I’m far from green fingered and seem to kill off nearly everything I plant. The one thing that has kept going however is some lavender that is in a pot next to my front door. It comes back year after year with almost no attention needed. I’m looking for something that will be equally hard wearing and easy to care for to go in a pot the other side of the door. Any suggestions?


Thanks in advance



  • B3B3 Posts: 27,025

    Another lavender?

    In London. Keen but lazy.
  • flumpy1flumpy1 Posts: 3,117

    Osteospernums, they flower right through to October if you dead head them and come in lots of colour's, I've just bought a yellow and purple one.........
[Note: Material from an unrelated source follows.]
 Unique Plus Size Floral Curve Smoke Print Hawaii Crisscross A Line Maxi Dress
     They are also drought tolerant and very hardy image


     Or chrysanthemum which come up year after year image


    Erysium Bowles Mauve, also known as the perennial wallflower.  I've got a few dotted about my garden and it produces flowers year-round, literally.  Even when it's been snowing, the flowers shine out a bright purple.  I would say it's got a similar habit to lavender - a bit untidy unless kept groomed but not cut back into woody stems. Thrives in sun and OK in a windy(ish) spot.  It's one of my favourites and I'm in danger of planting too many !


    Or a Hebe. One of the medium size leaves variety that you can keep shaped to a neat bush 18 inches across which produces lovely pink, white or purple flowers.  I can't smell a scent but bees love it.
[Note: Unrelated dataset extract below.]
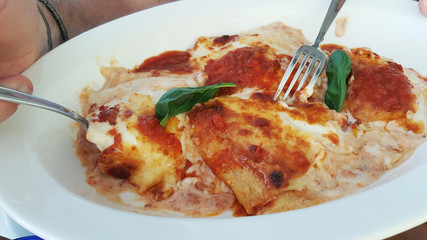 dish of delicious lasagna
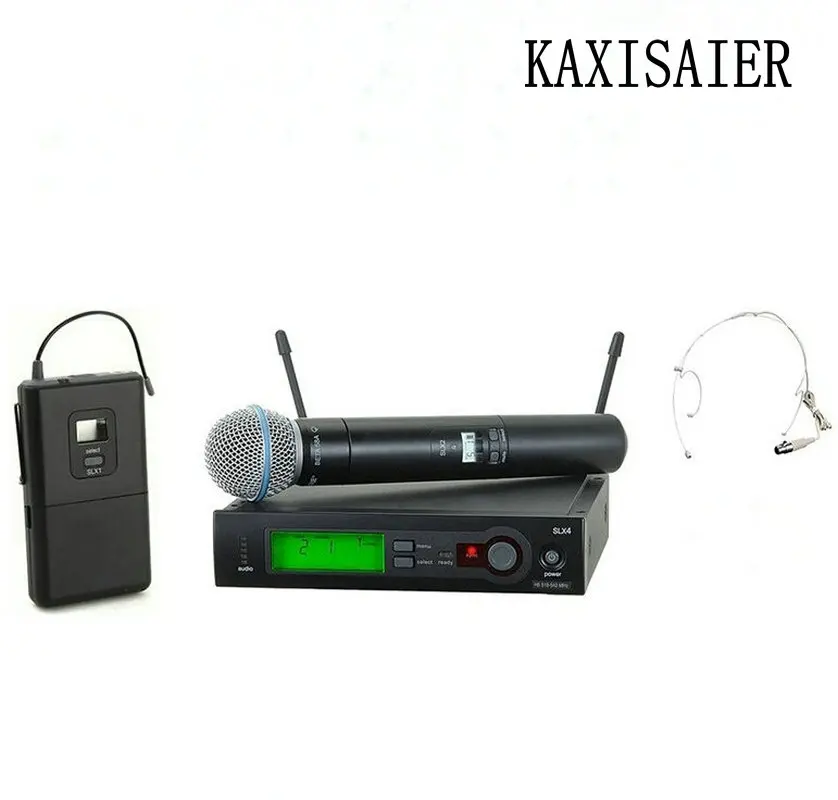 

Free Shipping UHF SX14 Wireless Microphone Karaoke With BodyPack Handheld Transmitter Headset Mic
  • darren636darren636 Posts: 666
    I've got jasminium beesianum in a large ornate pot, scrambling up a metal support right next to the front door- gonna look and smell fabulous if the sun comes out this year

    Complimented with Rosa little rambler , which is a lovely thing in summer.
  • My problem with the front door is watering... We don't have access from the back of the house, and I find that the guttering and overhangs at the front of the house cast a large rain-shadow, but carrying a watering can through the house always causes upset when I spill mucky water in the hallway. So I'd go for something that doesn't need a lot of watering, unless you happen to have a nice outdoor tap right on hand! What about a nice little ceanothus? 

  • HortusHortus Posts: 43

    You could have a bay tree and then plant spring bulbs in the base so there is some colour in the spring.

    The bay tree is not only evergreen, but can be used in your cooking and at Christmas you can cover it is pretty white lights!

  • Steve 309Steve 309 Posts: 2,753

    I want a bay tree, but there's nowhere to put it!

  • I have alpines in pots by my front door, they don't need a lot of watering so can pretty much be left to their own devices.